For linear ODEs the choice

$$\begin{aligned} \alpha _i= {1 \over {k+1-i}} ~~,\quad ~~ i=1,k \end{aligned}$$
(15)

leads to a scheme that is \(k\)-th order accurate in time. Note that in each step the location of the particle with respect to the fluid mesh needs to be updated in order to obtain the proper values for the fluid unknowns. The default number of stages used is \(k=4\). This would seem unnecessarily high, given that the flow solver is of second-order accuracy, and that the particles are integrated separately from the flow solver before the next (flow) timestep, i.e. in a staggered manner. However, it was found that the 4-stage particle integration preserves very well the motion in vortical structures and leads to less ‘wall sliding’ close to the boundaries of the domain. The stability/ accuracy of the particle integrator should not be a problem as the particle motion will always be slower than the maximum wave speed of the fluid (fluid velocity + speed of sound).

The transfer of forces and heat flux between the fluid and the particles must be accomplished in a conservative way, i.e. whatever is added to the fluid must be subtracted from the particles and vice-versa.
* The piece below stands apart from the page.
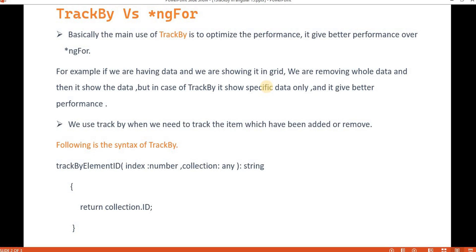For example, if we are showing a huge amount of data in a grid with pagination, and we load data using ngFor, when we go from page one to page two, three, or four, ngFor first deletes the whole data and then loads the old data plus the new data. But in the case of trackBy, it only loads the new data — it doesn't touch the old data. That's why trackBy always gives better performance over ngFor.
The Finite Element Discretization of the the fluid equations will lead to a system of ODE’s of the form:

$$\begin{aligned} \mathbf{M}\Delta \mathbf{u}= \mathbf{r}, \end{aligned}$$
(16)

where \(\mathbf{M}, \Delta \mathbf{u}\) and \(\mathbf{r}\) denote, respectively, the consistent mass matrix, increment of the unknowns vector and right-hand side vector. Given the ‘host element’ of each particle, i.e. the fluid mesh element that contains the particle, we add the forces and heat transferred to \(\mathbf{r}\) as follows:

$$\begin{aligned} \mathbf{r}^i_D = \sum _{el surr i} N^i(\mathbf{x}_p) \mathbf{D}_p . \end{aligned}$$
(17)

Here \(N^i(\mathbf{x}_p)\) denotes the shape-function values of the host element for the point coordinates \(\mathbf{x}_p\). As the sum of all shape-function values is unity at every point:

$$\begin{aligned} \sum N^i(\mathbf{x}) = 1 \quad \forall \mathbf{x}, \end{aligned}$$
(18)

this procedure is strictly conservative.

The change in momentum and energy for one particle is given by:

$$\begin{aligned} \mathbf{f}_p&= \rho _p {{\pi d^3}\over 6} {{\left( \mathbf{v}^{n+1}_p - \mathbf{v}^n_p \right) } \over {\Delta t}},\end{aligned}$$
(19)
$$\begin{aligned} q_p&= \rho _p c_{pp} {{\pi d^3}\over 6} {{\left( T^{n+1}_p - T^n_p \right) } \over {\Delta t}}. \end{aligned}$$
(20)

These quantities are multiplied by the number of particles in a packet in order to obtain the final values transmitted to the fluid. Before going on, we summarize the basic steps required in order to update the particles one timestep:

  • Initialize Fluid Source-Terms: \(\mathbf{r}=0\)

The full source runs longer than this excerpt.